Please use this form to submit written submissions in relation to the Houses in Multiple Occupation (HMO) Bill. Return to [email protected] by Tuesday 6 October.

Name: _Dr Patrice Cairns___________________________________

Organisation: (if applicable) __Royal Institution of Chartered Surveyors ____

Date: _06/10/2015__________________________________________________

1. RICS promotes and enforces the highest professional qualifications and standards in the development and management of land, real estate, construction and infrastructure. Our name promises the consistent delivery of standards – bringing confidence to the markets we serve.

2. We accredit 118,000 professionals worldwide, and represent 4,000 members in Northern Ireland comprising of chartered surveyors, associate surveyors, trainees and students. Any individual or firm registered with RICS is subject to our quality assurance. As part of its Royal Charter, RICS has a commitment to provide impartial advice to the government of the day and has an obligation to bear in mind the public interest as well as the interests of its members. RICS is therefore in a unique position to provide a balanced, apolitical perspective on issues of importance to key sectors. 3. RICS Regulation monitors, inspects and advises Members and Regulated Firms to uphold our professional, ethical and business standards, as well as against specific schemes. RICS Regulation takes a risk-based approach to monitoring and regulation of its schemes. In line with better regulation principles, our regulatory activities are transparent, proportionate, accountable,

consistent and targeted. 4. RICS operate following regulatory framework under a proven track record – 

Minimum Entry Requirements



Code of ethics and professional standards



Continuous Professional Development (CPD)



Members Adopt business and consumer protection measures



Clients money protection (CMP)



Complaints handling procedures (RICS Dispute Resolution Service, Requirements on RICS Regulated Firms)



Professional indemnity insurance



Monitoring of compliance



Regulatory powers to investigate complaints or compliance failure



Enforcement powers

5. RICS would recommend regulation of managing agents (as referenced in the Bill clauses) to ensure that such businesses undertake their work to agreed professional standards as outlined in relevant codes of practice thereby safeguarding the interests of their clients.

6. RICS recommends that managing agents should be required to be members of a recognised professional body. 7. Membership of a professional body, such as RICS, would help ensure managing agents have a consistent and professional approach through education received both at the start of their career through to annual Continual Professional Development. RICS members must undertake 20 hours of CPD to ensure they are aware of new best practice methods and procedures and recent legislative changes.
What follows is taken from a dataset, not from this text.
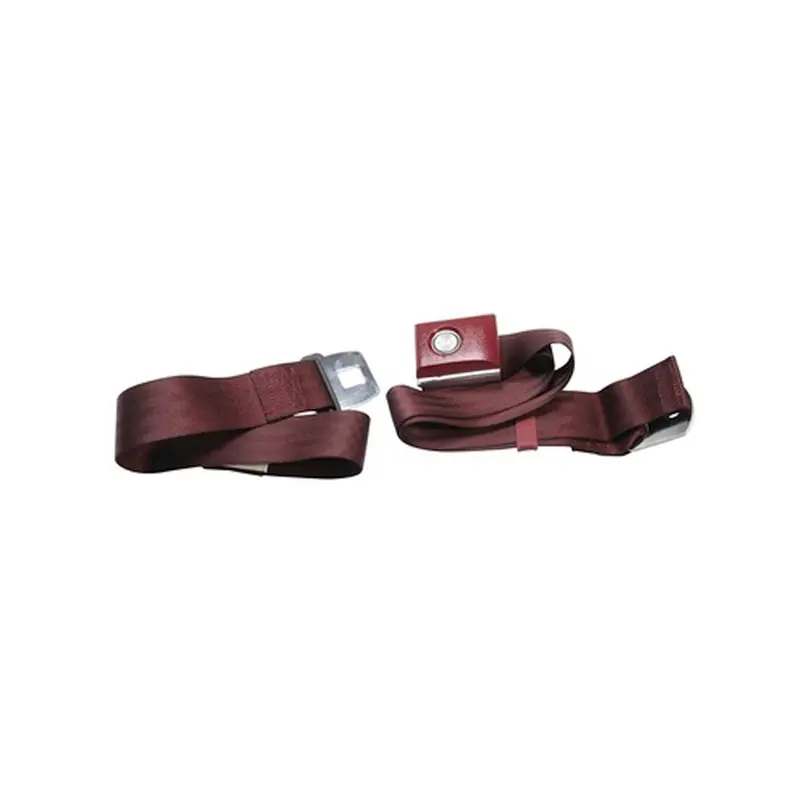 Scott Drake Sb-Mr-Pbsb Seat Belt 1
A professional designation also typically helps individuals progress with their career and improve earnings potential.

8. Regarding the below clauses -

Fit and proper persons (Pt. 2) ‘’10.—(1) This section sets out the matters which are relevant for deciding whether an owner or managing agent is a fit and proper person for the purposes of this Act.’’

(e) acted otherwise than in accordance with a code of practice approved under section 63.
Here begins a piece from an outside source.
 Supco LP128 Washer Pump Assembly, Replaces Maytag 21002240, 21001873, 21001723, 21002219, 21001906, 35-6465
Licence conditions (Pt.2) 14.—(1) An HMO licence may include such conditions as the council considers appropriate for regulating any or all of the following—

(f) conditions requiring the owner of the HMO or the managing agent of it (if any) to attend training courses in relation to any code of practice approved under section 63.

RICS would highlight that RICS members are already required to adhere to a code of ethics and professional standards. We would further recommend that the Code of Practice referenced under section 63 of the Bill undergoes thorough consultation to ensure it carries weight and is accepted by the sector. We are happy to work with you to support the introduction of any regime and indeed to ensure our regulatory approach is effectively integrated.

9. RICS notes that the Bill does not make reference to handling client money. Managing agents in Northern Ireland should be required to demonstrate that they have sound arrangements for protecting client money, requiring safeguarding of clients’ money, and effective regulation and clients money protection insurance. Each agent should be required to operate a complaints handling procedure (CHP) that they publicise to their clients at the outset of conducting business with them. For further details on the RICS approach to regulating the protection of client money see: http://www.rics.org/uk/regulation/regulation-uk/protecting-clients-money/ 10. The CHP should include an appropriate alternative dispute resolution mechanism appropriate to the clients with which the agent is conducting business. For business to business transactions (contractual disputes) this is likely to be a dispute resolution service such as the RICS Dispute Resolution Service. And for consumer complaints this is likely to be an Ombudsman service such as The Property Ombudsman and Ombudsman Services: Property.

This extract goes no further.